• YOUR INSTRUCTIONS: When the line with "Custom Mariano Fortuny" turns up below, begin repeating exactly, and carry on through the line with "Madewell Women's Jeans"; no pictures go into the copy.

○ ○ ○ ○ ○

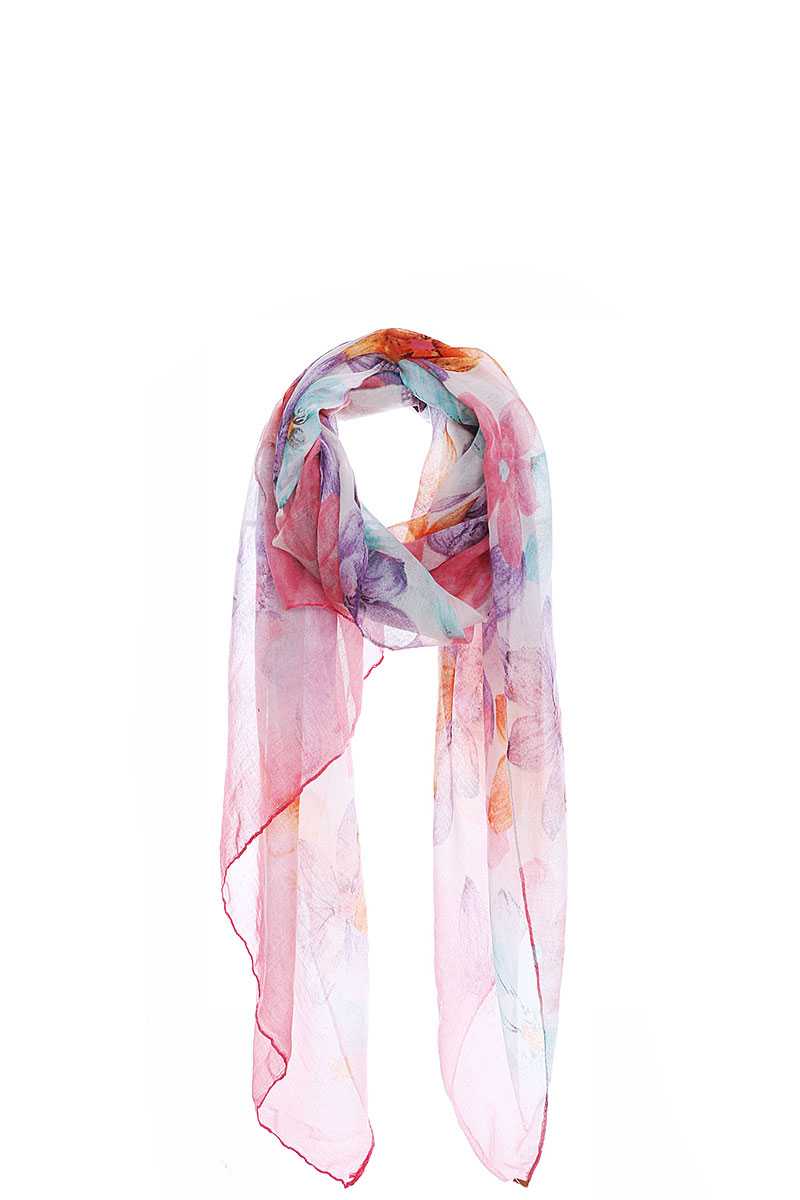 Fashion Multi Color Flower Print Chiffon Scarf - Absolute Fashion 2020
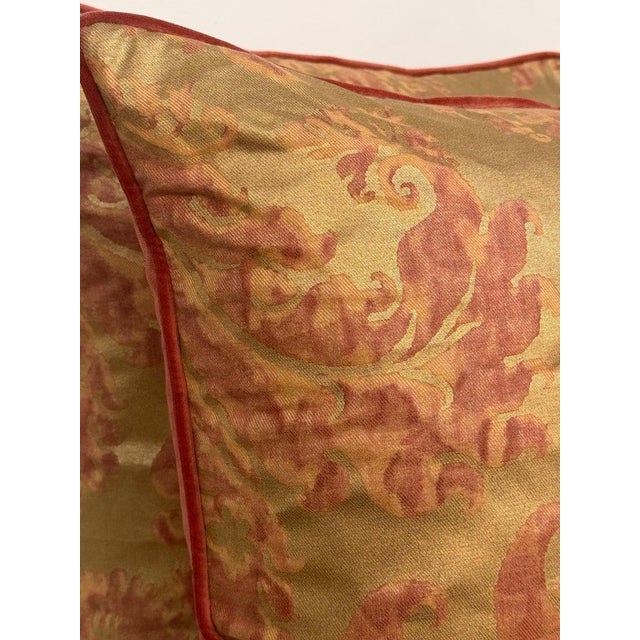 Custom Mariano Fortuny Pillows in Antique Gold & Coral Damask For Sale - Image 11 of 16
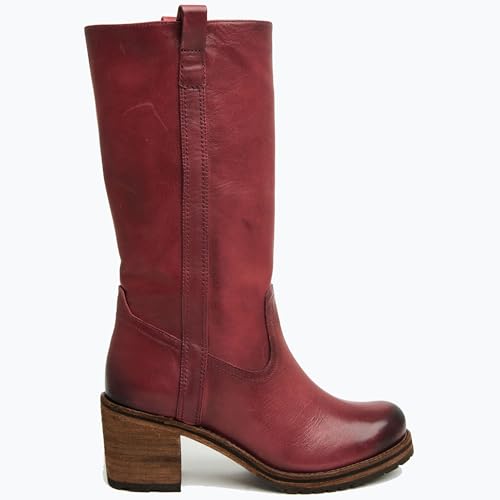 Brown Chunky Block Heel Knee High Boots for Women Pull on Round Toe Mid Calf Boots Riding Fall Tall Boots2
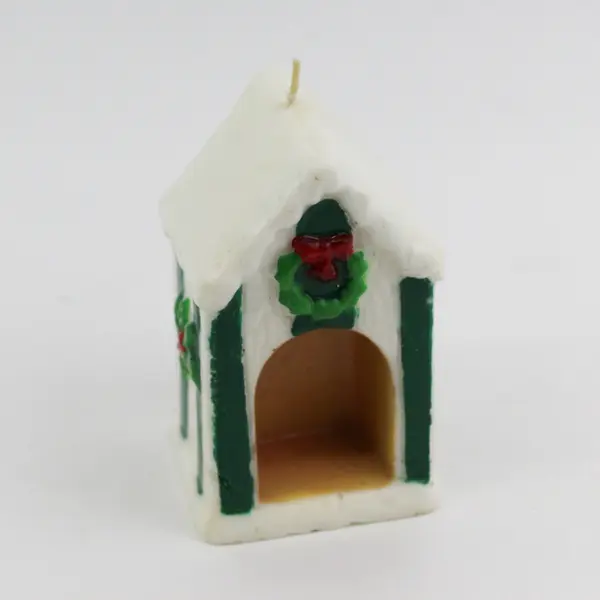 Vintage Jasco Snowy holiday Shelters Dog House Christmas Candle No Dog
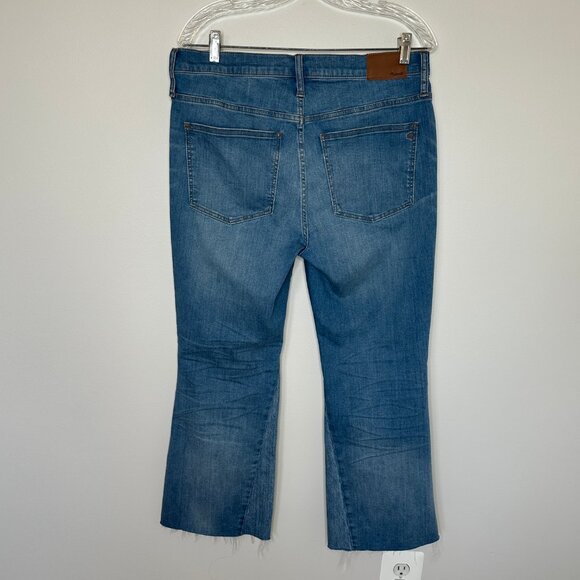 Madewell Women's Jeans Size 31 Cali Demi Bootcut Two Tone Denim Raw Hem - Picture 2 of 5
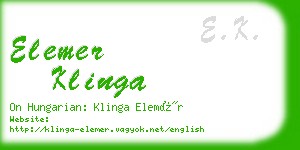 elemer klinga business card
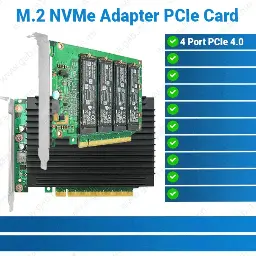 [#50'0028] Linkreal PCIe 4.0 x16 4-Port NVMe M.2 SSD Adapter PCIe Card
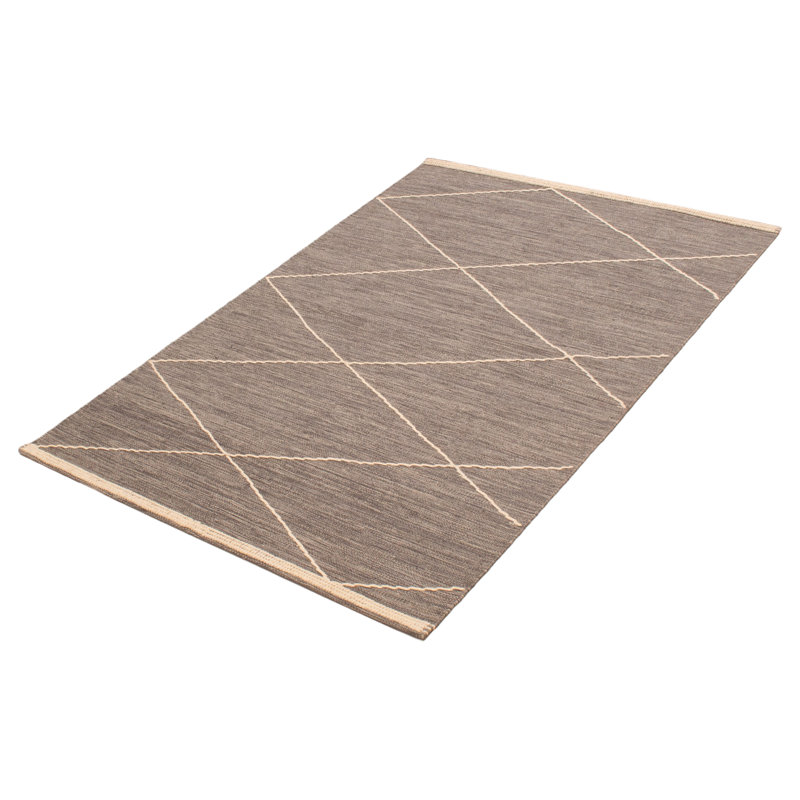 Tapis unique en laine nouvel âge rectangulaire gris foncé 5 pi 1 po x 7 pi 5 po One-of-a-Kind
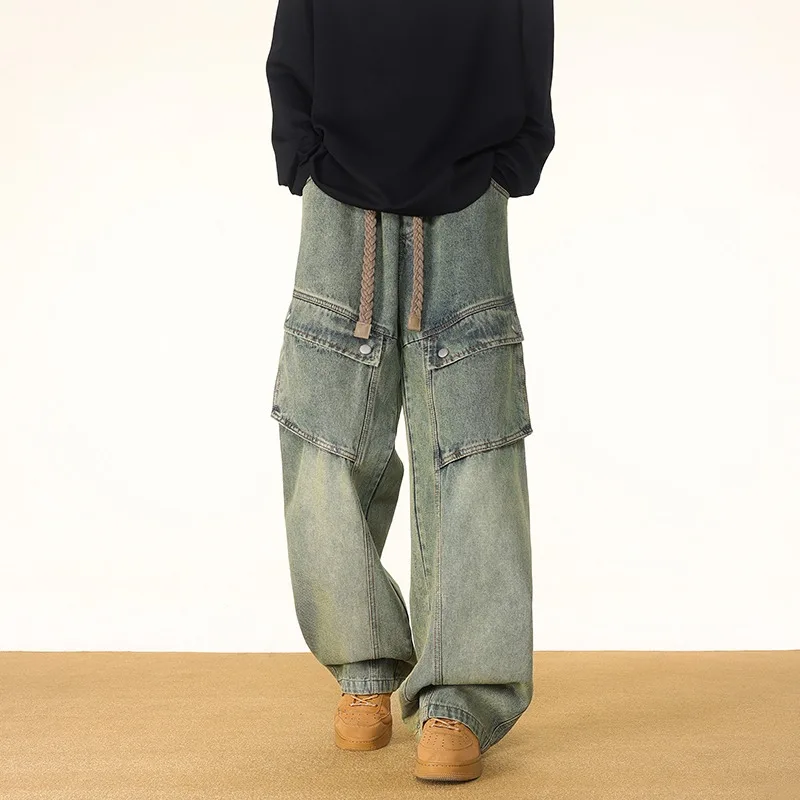 Men's Jeans Man Pants Loose Fit Straight Leg Casual Spring Autumn Work Denim Trousers Plus Size Fashion Heavy Duty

○ ○ ○ ○ ○

• RESPONSE BELOW:
 Custom Mariano Fortuny Pillows in Antique Gold & Coral Damask For Sale - Image 11 of 16
 Brown Chunky Block Heel Knee High Boots for Women Pull on Round Toe Mid Calf Boots Riding Fall Tall Boots2
 Vintage Jasco Snowy holiday Shelters Dog House Christmas Candle No Dog
 Madewell Women's Jeans Size 31 Cali Demi Bootcut Two Tone Denim Raw Hem - Picture 2 of 5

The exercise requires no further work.